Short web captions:
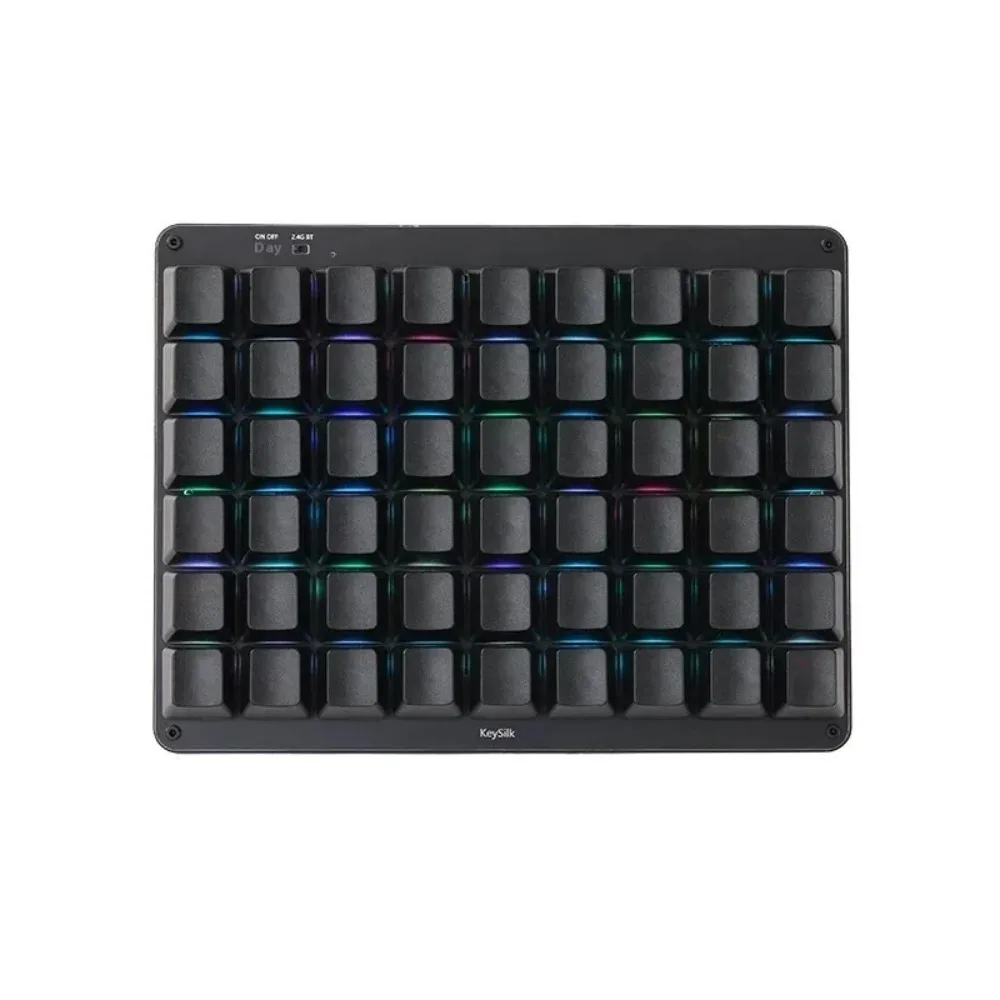 Coidea BT54 Mechanical Keyboard Bluetooth 54key/35key Customized Programmable Gamer Design Keyboard Office Pc Accessories Gifts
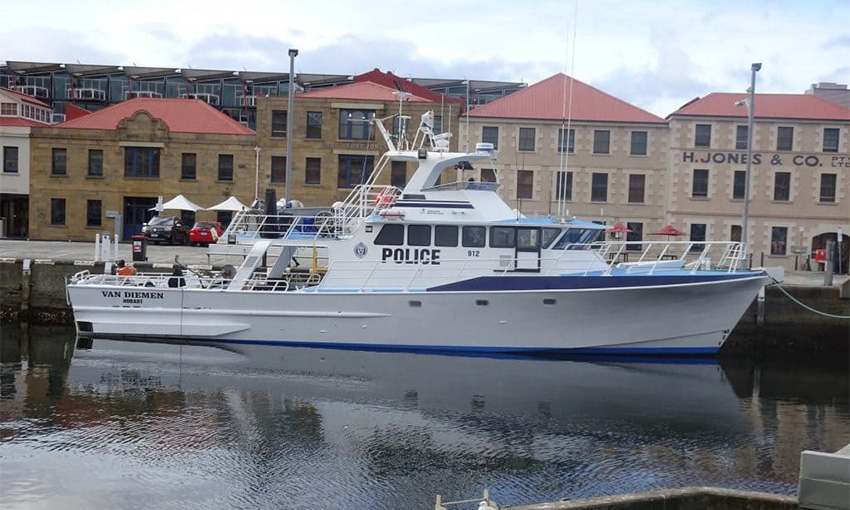 Police boat headed for new beat
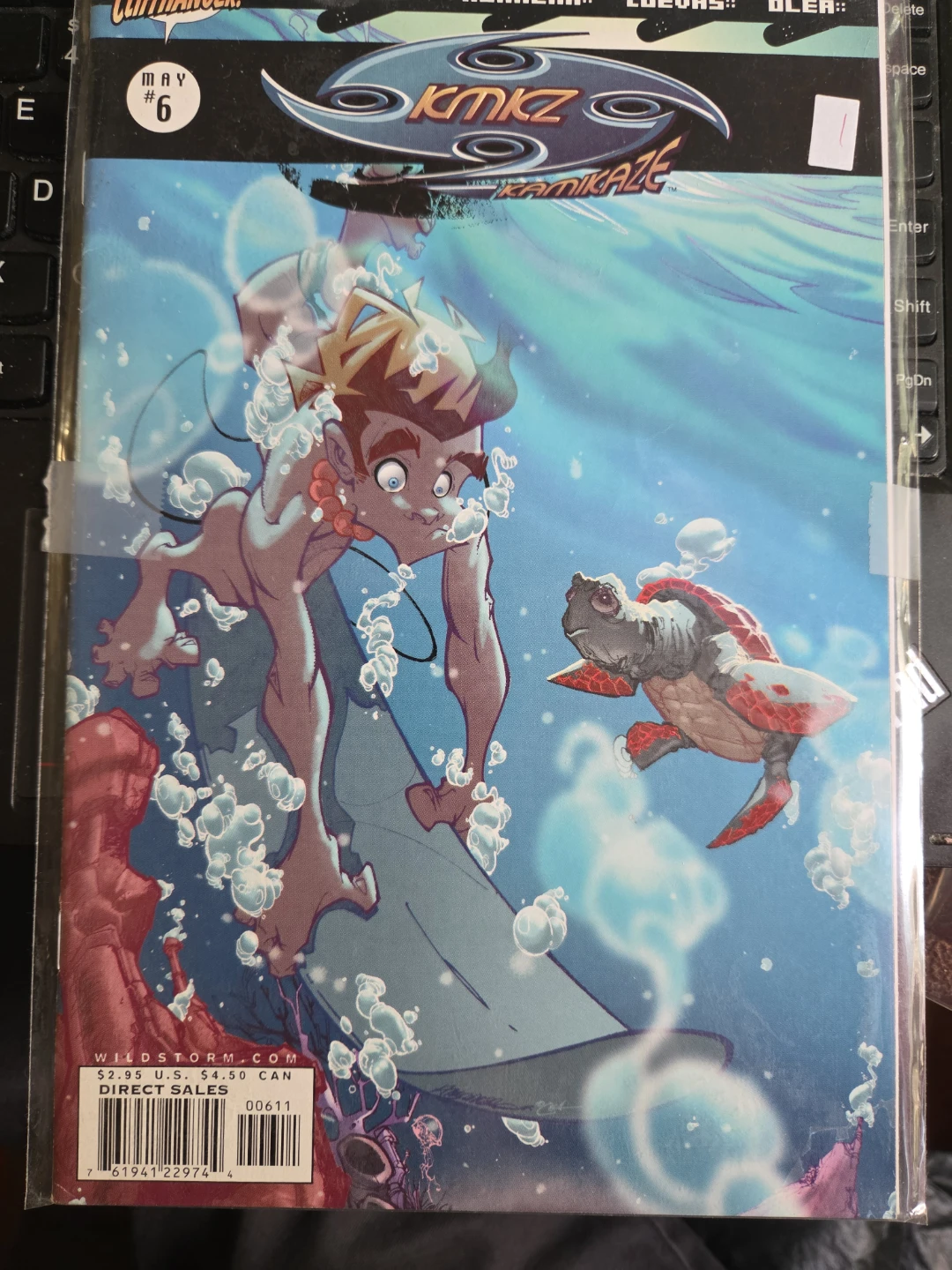 Kamikaze #6 Comic Book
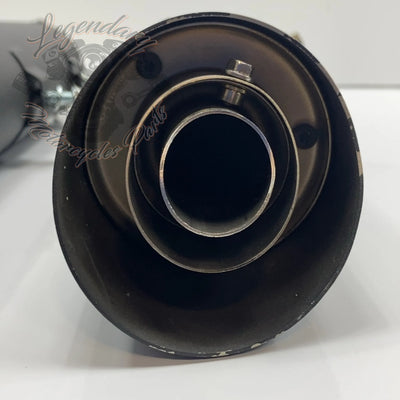 Tłumik Slip On Line OEM S-HDSPSO2-HB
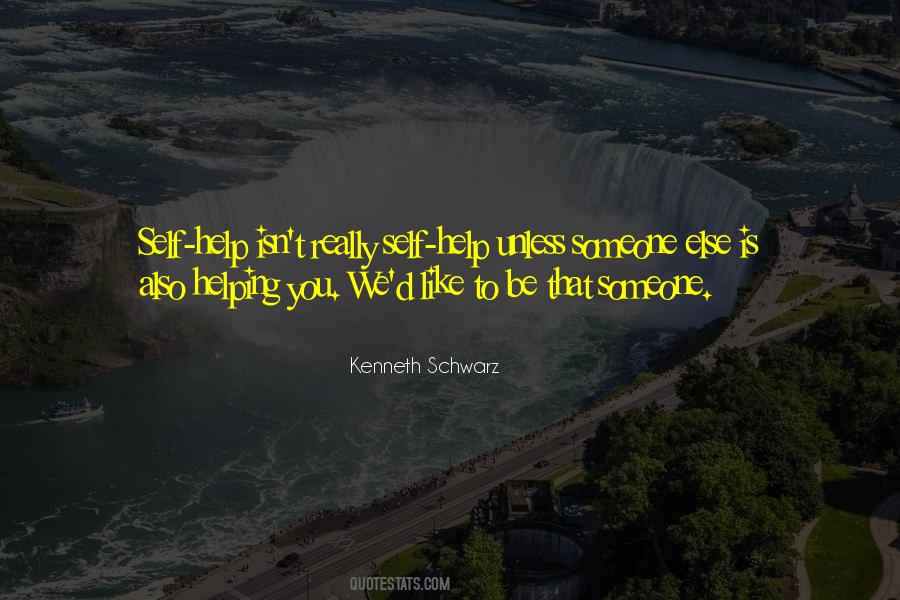 Kenneth Schwarz Quotes #759760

* [Work instruction] Reproduce the final stretch of lines exactly: the line containing "Kamikaze #6 Comic Book" through the last line of the data, both included. Pictures do not belong in the copy.

* [Output below]
 Kamikaze #6 Comic Book
 Tłumik Slip On Line OEM S-HDSPSO2-HB
 Kenneth Schwarz Quotes #759760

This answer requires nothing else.